The training dataset consisted of data that was publicly accessible, open-source, and licensed.

Apple has published a technical paper that outlines the development of its Apple Intelligence generative AI features, which are scheduled for integration into iOS, macOS, and iPadOS. The document addresses ethical issues related to the data utilized for training its models, highlighting that Apple refrained from using private user data. The training dataset consisted of data that was publicly accessible, open-source, and licensed.

In light of recent allegations that Apple utilized data from The Pile, including YouTube subtitles, for its AI, Apple has clarified that such models were never meant for AI functionalities in its products.

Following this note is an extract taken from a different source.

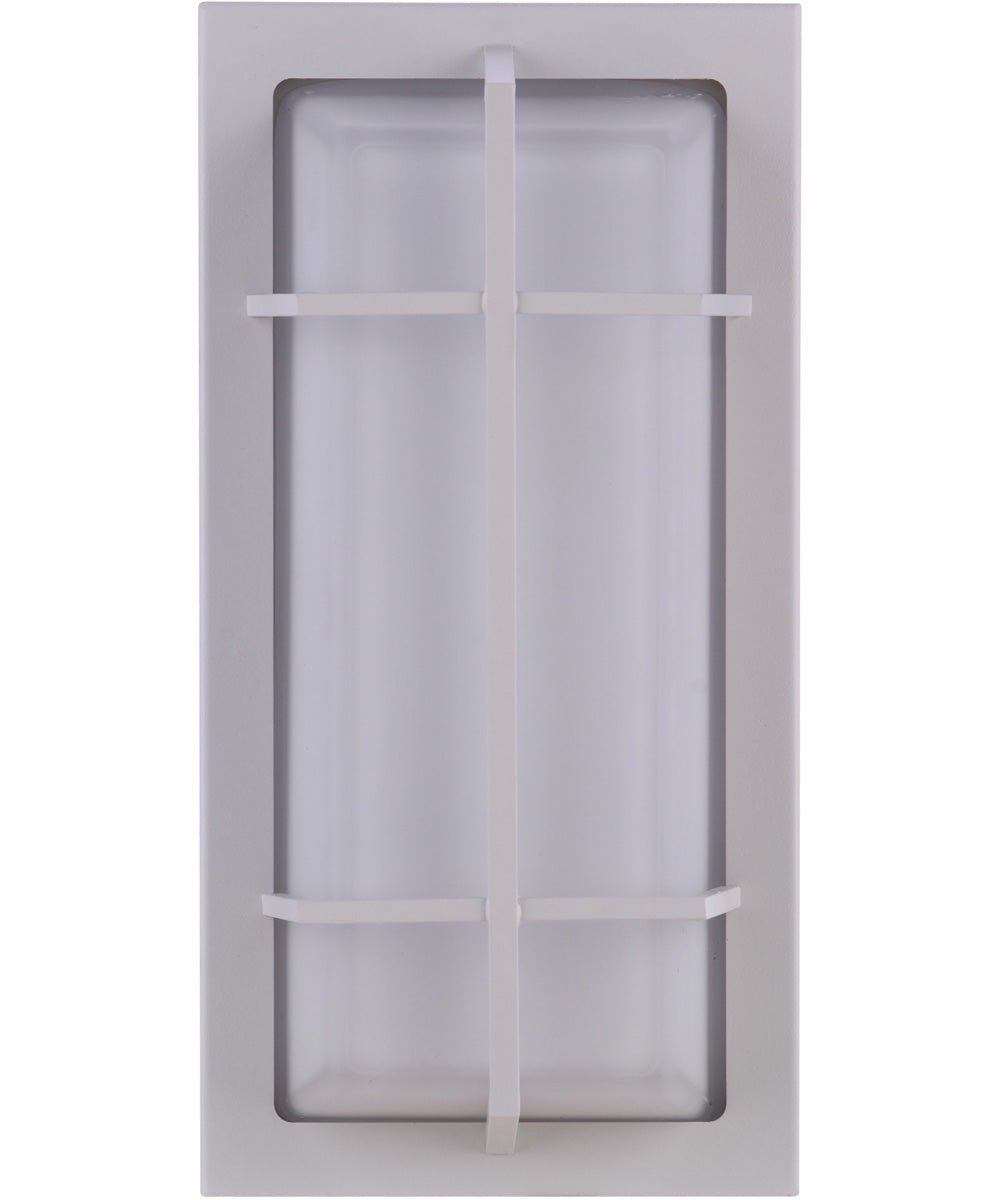 Bulkhead Rectangular 2-Light Outdoor Lighting Textured White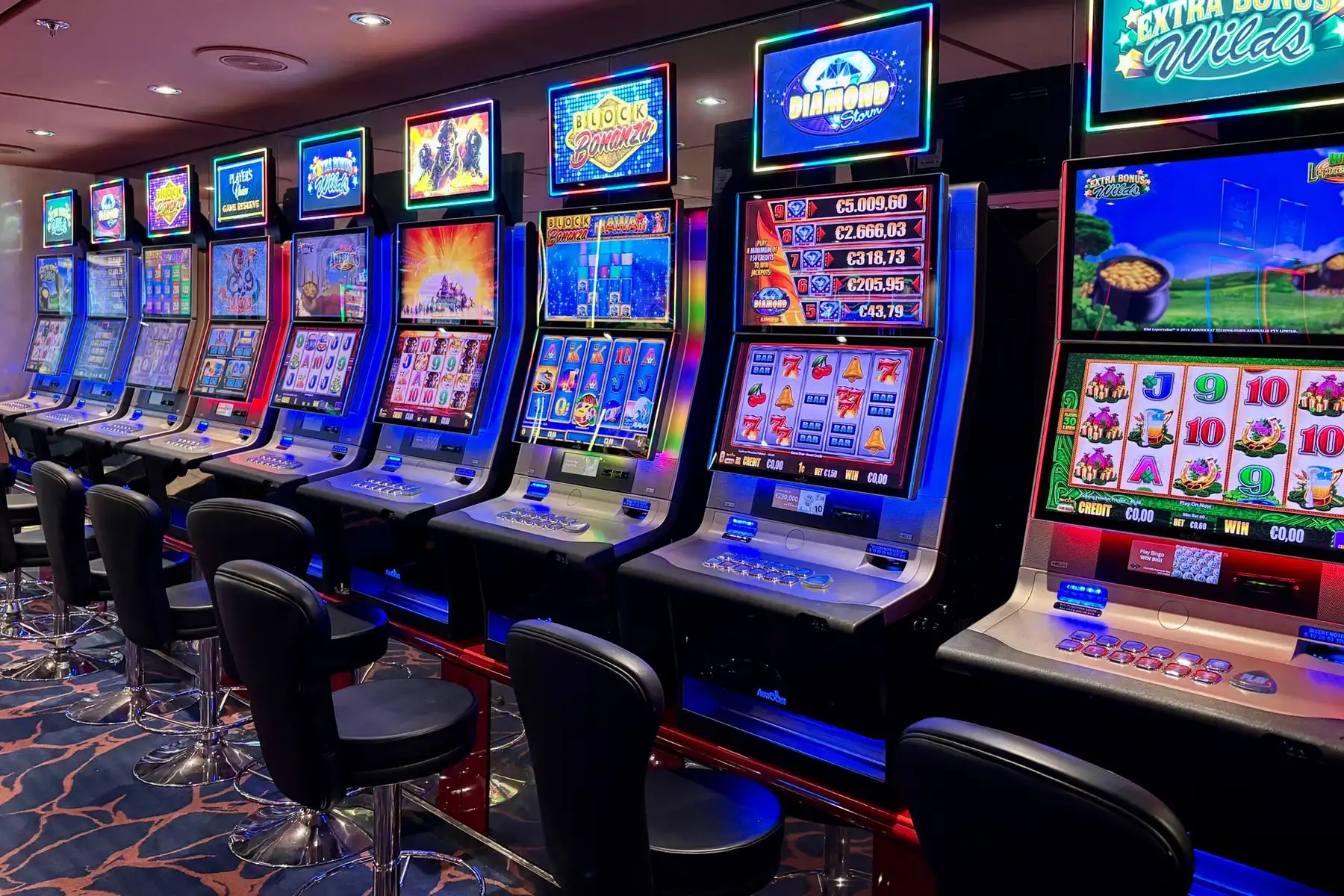 A considered casino floor in Queenstown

The company's technical paper emphasizes that Apple's Foundation Models (AFM) were developed using responsibly sourced data, which encompasses licensed data from publishers and data that is publicly available on the web.

Apple's training data set, which is about 6.3 trillion tokens, includes open-source code from platforms like GitHub, filtered to include only repositories with minimal usage restrictions. The company also used publicly available math questions and high-quality datasets, ensuring they had appropriate licenses for training models.

Apple maintains that it has integrated responsible AI principles throughout its model development process, utilizing human feedback and synthetic data to refine the models and reduce unwanted behaviors. The publication of this paper is a move by Apple to position itself as an ethical AI pioneer, amid the continuing discussions and legal issues surrounding the employment of public web data to train AI models.